Jenis kayu yang digunakan tergantung dari persediaan. Jenis itu umumnya
kayu Bunga, kayu Buangin (cemara) , kayu Kalapi/ Nangka, Cendana, kayu
Beringin.
b. cara penyambungan
Untuk atap menggunakan sistim ikat (dengan rotan) dan jepit. Untuk
balok-balokbanyak menggunakan sistim pen.
c. Atap.
Bahan dari bambu yang dibelah dan dirangkai menjadi bidang-bidang.
Pengikat menggunakan rotan dan diantara lapisan bambu diberi ijuk.
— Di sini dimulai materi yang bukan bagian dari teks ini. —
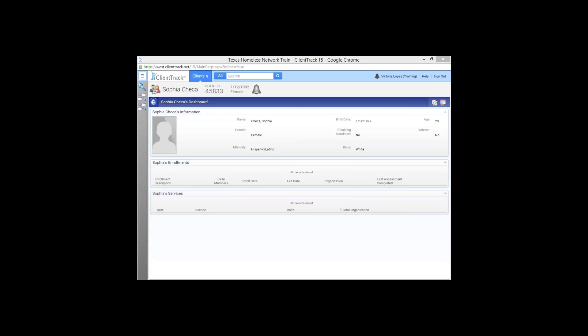You might receive an email from ClientTrack that's saying, hey, just to let you know, your password has been reset. Don't worry, that's actually us setting up your new password for the training environment, and that does not affect your live environment password. Anything else that I can help you guys with? Well, thank you again for joining us. If you think of any more questions, please feel free to email our hmis at thn.org email, and we'll get you set up and good to go. I hope you have a great day.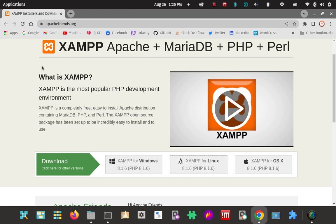In the LAMP stack, you can either do it piecemeal by installing Apache by itself, Maria database or MySQL server by itself, and the PHP, Perl, and Python runtime interpreters by themselves, and try to get everything to work together. Here it's already bundled — it's an environment, it's a stack. Now for Mac it's MAMP, for Windows it's WAMP, and for Linux it's LAMP or this XAMPP development environment stack package.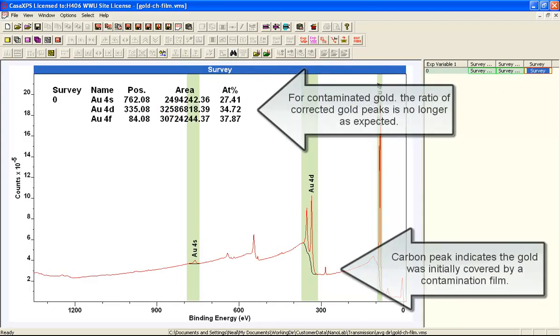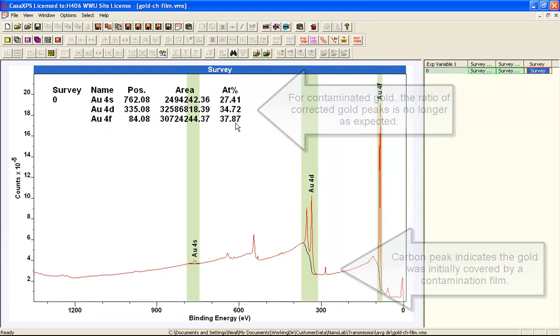However, if we look at the surface prior to cleaning, you can see that the quantification is really quite different.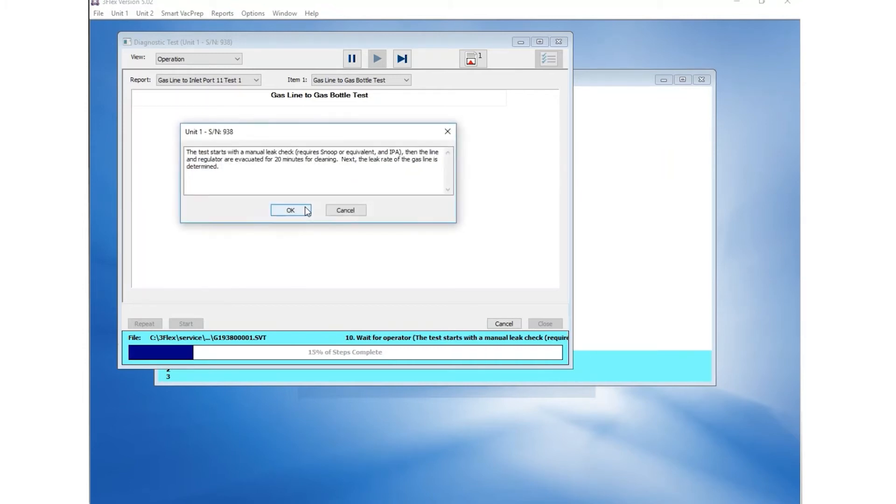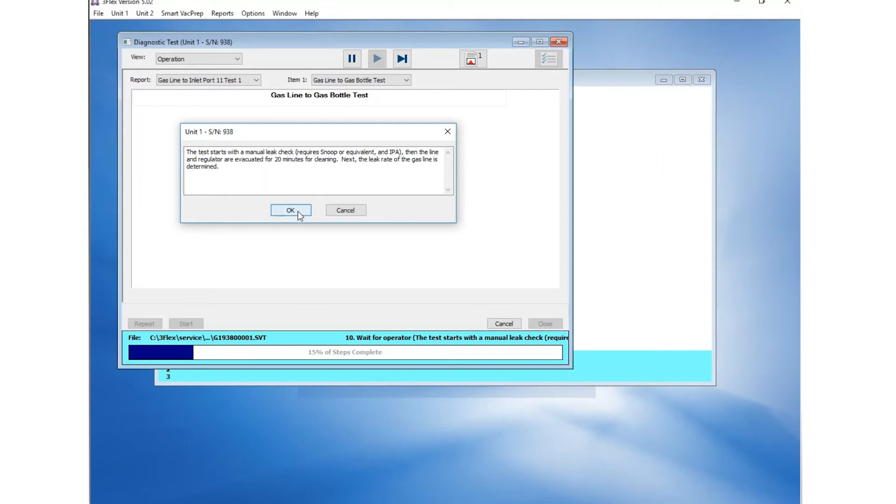The second prompt summarizes the diagnostic procedure. You will need to perform a manual leak check, which will be followed by 20 minutes of evacuation and an automatic leak rate check. Click OK.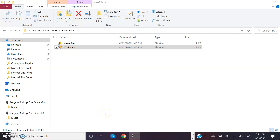This screencast accompanies my lecture on the seasons, specifically having to do with the motions of the Sun simulator that I employ in lecture. The simulator is part of a series of labs offered by the University of Nebraska Astronomy Department. I've provided a link to download it in the description of this video.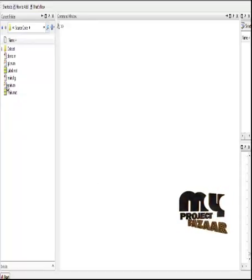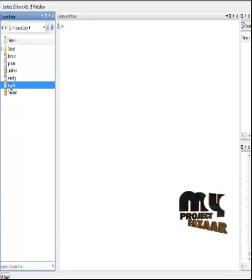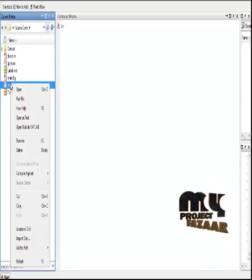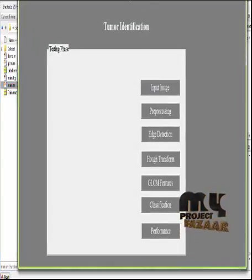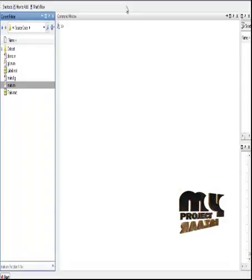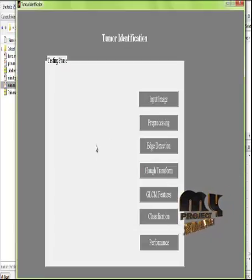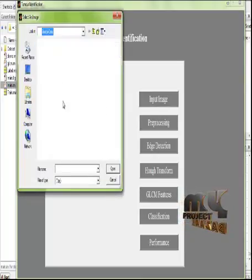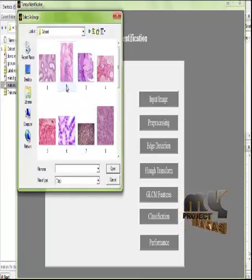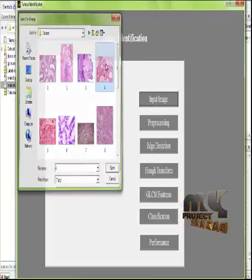Let us look at the running procedure. To run the code, select the file main.m located in the source code folder, right-click it, and click on run file. You will get the user interface for the execution of the process. The user interface contains display areas and buttons for running the process. We then select any one of the input images present in the dataset.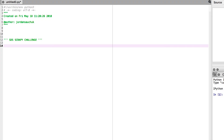Hi guys, and welcome back to the Super Data Science Scrapy series, and this is our Scrapy Practical Challenge. In this challenge, keep in mind that there are multiple ways to return the scraped information with Scrapy, so I highly advise to take a look at the documentation.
Untuk hubungan dipakai bambu belah-belah.
d. Dinding.
Menggunakan bahan papan yang biasa.nya penyelesaiannya diukir
dibagian luarnya.
e. Tiang.
Dari balok yang raasih berupa pohon yang hanya diperhalus sedikit, lalu
ditaruh begitu saja diatas batu.
f. Penyelesaian.
Untuk ukir-ukiran dicat yang dipakai ialah tanah merah + tuak, arang +
cuka + air.
g. Lantai.
Dari papan, balok kecil yang dipasang saling bersilangan ditambah
anyaman kayu.

h. Cara pembuatan.
Untuk mengukur kedataran (rata) dipakai perkiraan sejajar permukaan air.
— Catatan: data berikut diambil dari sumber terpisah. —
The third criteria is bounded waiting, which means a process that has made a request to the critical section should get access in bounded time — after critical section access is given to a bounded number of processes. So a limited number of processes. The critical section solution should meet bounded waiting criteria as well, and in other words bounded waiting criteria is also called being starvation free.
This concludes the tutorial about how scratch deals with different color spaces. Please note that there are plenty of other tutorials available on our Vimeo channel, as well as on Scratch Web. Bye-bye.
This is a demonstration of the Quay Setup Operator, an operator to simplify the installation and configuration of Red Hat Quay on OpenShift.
Untuk mengukur arah tegak dipergunakan pertolongan tali.
6. Kandang babi.
Bangunan sederhana dengan konstruksi bambu.
7. Lumbung.
Konstruksi sama dengan rumah, tapi strukturnya berbeda dan lebih
sederhana. Jumlah tiang lebih sedikit dan tidak memakai tulak somba.
Tiang biasanya berjumlah 4 atau 6 buah.
8. Ornamen/Hiasan bangunan.
Ornamen (hiasan bangunan) yang terdapat pada rumah-rumah adat
sebagian besar mempunyai arti. Arti ini biasanya berhubungan dengan
adat istiadat yang masih diipertahankan. Disamping itu ada pula yang
hanya merupakan hiasan saja, misalnya :
Sumbang dan Katombe yang merupakan sirip-sirip kayu berukir pada tiaptiap sudut rumah adat.
Ornamen (hiasan) ini dibagi dalam beberapa macam ornamen, masingmasing ialah :
a. Ornamen binatang
Kerbau, sebagai binatang yang sering disembelih dalam upacara-upacara,
bagian- bagian badannya banyak dipergunakan untuk ornamen. Misalnya
tanduk, kepala ( tiruannya). Selain itu motif kerbau juga ada dalam ukiran
di dinding papan rumah adat. Kepala kerbau ( tiruan dari kayu ) biasanya
dipasang pada ujung-ujung balok lantai bagian depan (pata sere).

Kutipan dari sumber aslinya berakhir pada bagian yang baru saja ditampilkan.